Ghost hunting is now mainstream, the makings of everything from television shows and movies to date night activities to side jobs and downtown tours. Silver screens flickered with “Ghostbusters II” this summer, for example, while television, Netflix and Hulu offer “Ghost Hunters,” “Paranormal State,” “Dead Files,” “Ghost Adventurers,” “Ghost Whisperer” and “Haunted History.”

But there are also options to get your local fix of all things ghost either as a group or by yourself.

Tacoma Ghost Tours
Tacoma Ghost Tours formed in 2012 and offers walks around downtown and the Stadium District. Photo credit: Steve Dunkelberger.

Tacoma Ghost Tours

Tacoma Ghost Tours started in 2012 as a father-son project that has become the longest running ghost tour in the city. The guided-walking tour features haunted locations in downtown Tacoma and covers some of Tacoma’s more eerie bits of history that include mysterious flying objects, a mummy’s curse, a sunken ship, Native American lore and tales of ghost sightings.
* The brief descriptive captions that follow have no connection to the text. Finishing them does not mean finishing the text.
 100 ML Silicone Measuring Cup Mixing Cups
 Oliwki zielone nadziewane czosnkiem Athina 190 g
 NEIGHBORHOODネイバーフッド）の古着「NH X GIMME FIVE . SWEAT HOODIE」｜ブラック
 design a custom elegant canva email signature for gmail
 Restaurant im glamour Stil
Owners Charlie and Andrew Hansen have grown the operation from one tour to a roster of three separate offerings, two covering just downtown and one for the Stadium District Thursday through Sunday evenings. Tours are picking up with Halloween on the horizon and the tours shifting to more ghosts, less history tours to match the season.
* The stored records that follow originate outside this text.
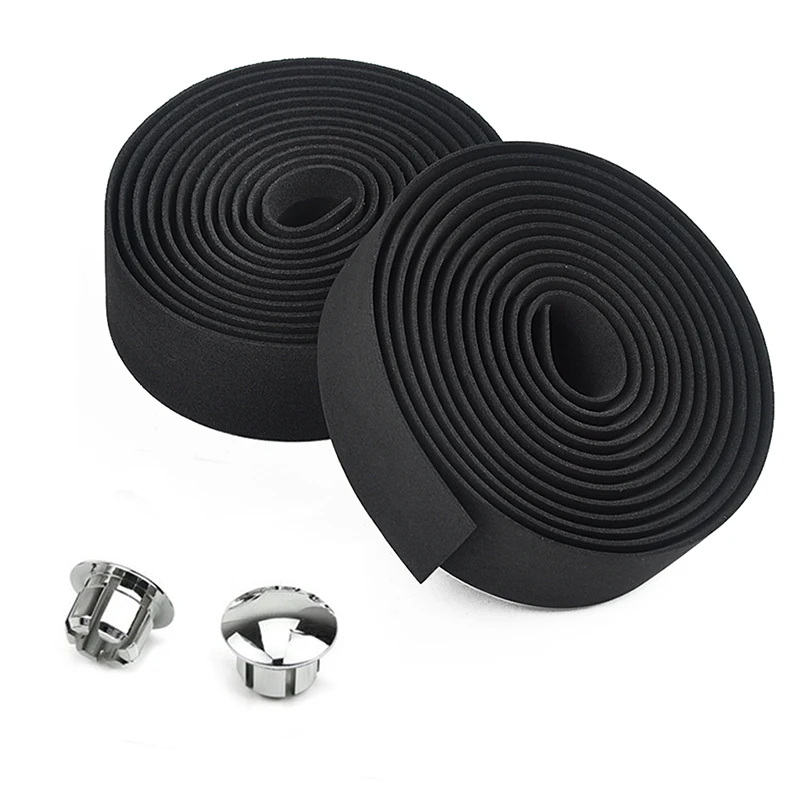 2Pcs Giant Rush Handlebar Tape Road Bike Bar Tape Lightweight EVA Breathable Sweat Anti-Skid Shock Absorber Wrap Tapes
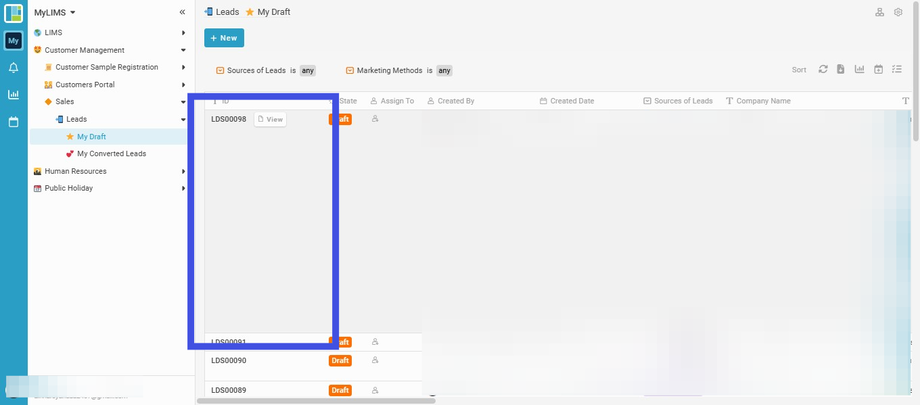 Navigate to the Entry you want to view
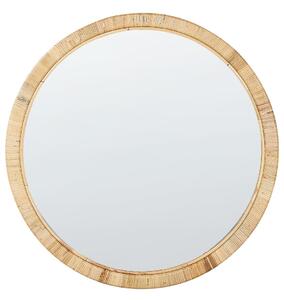 Falitükör ANLEZY 80 cm 80 cm Rattan Természetes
“It’s really starting to get more attention,” Andrew Hansen said.

Attendees range from tourists and conventioneers looking for something to do after dinner to local residents who either are interested in ghosts or just want to learn more about the City of Destiny. Some people walk the 90-minute, sidewalk tours several times since they are constantly evolving with the addition of new information or the interests of the participants.

“We cut a lot of things out,” Hansen said. “We always have more information to talk about.”

Ghost Hunting Classes

People more interested in ghosts than one-off tours can learn the craft and equipment of ghost hunting by joining a local ghost-hunting group. At 15 years old, the oldest among them is AGHOST, Advanced Ghost Hunters of Seattle-Tacoma.

Ghost Hunting App
Got App? The proliferation of cell phone apps to check for ghosts has made ghost hunting a bit like playing Pokemon Go. Photo credit: Steve Dunkelberger.

Members record sounds, shoot video and use psychics to gather evidence about potential hauntings or ghostly activity. The group’s founder, Ross Allison, offers classes and lectures around the nation on everything paranormal as well as tours and hunts through Spooked in Seattle. He is finishing his fifth ghost-related book, a collection of stories from around the world about haunted toys.

While he appreciates the growing interest in paranormal activity, he worries that the popularity has become over saturation with the addition of spoofs and increasingly scripted ghost-hunting shows that focus more on the investigators screaming away or talking about themselves feeling chills than actually searching for proof of paranormal activities.

“It’s a joke half the time,” he said. “It’s gotten out of hand.”

People view such shows and think they can simply walk into a dark house with a phone app – yes, there are actually several of them – and find chairs moving by themselves and chatty ghosts talking from the great beyond.

“Everybody thinks they can be a ghost hunter,” he said.

Ghost hunting takes training, not just on how to use the equipment but on how to collect and research “evidence” since most seemingly unexplained orbs and mystery voices can be debunked, Allison said. Orbs, for example, are often just dust particles a camera records that novices first think are manifestations of ghost energy.

Phone apps, which note in their terms of use as “for entertainment only,” often display a radar screen with blips of “ghost energy.” Some apps use the phone’s GPS locator to add local references to the screen or even have voice-recognition software that pulls words spoken by the ghost hunters. The app can then repeat those words – names and locations – as “ghost communications.”

“People don’t realize that,” Allison said. “Technology has been changing at a fast rate, and it is really easy to manipulate it. It is so easy to hear what you want to hear.”

Hunts can gather a lot of information, from video, audio and still photographs, that then all has to be reviewed. Little survives the process, but people who want go on an actual hunt think they will see ghostly images and hear beyond-the-grave voices the entire time.

“Having those experiences in pretty rare,” Allison said, noting that he has researched paranormal activity for 30 years and conducted some 600 investigations and has yet to see a full-body apparition. “Maybe I’m just not ready to see it. I’m envious.”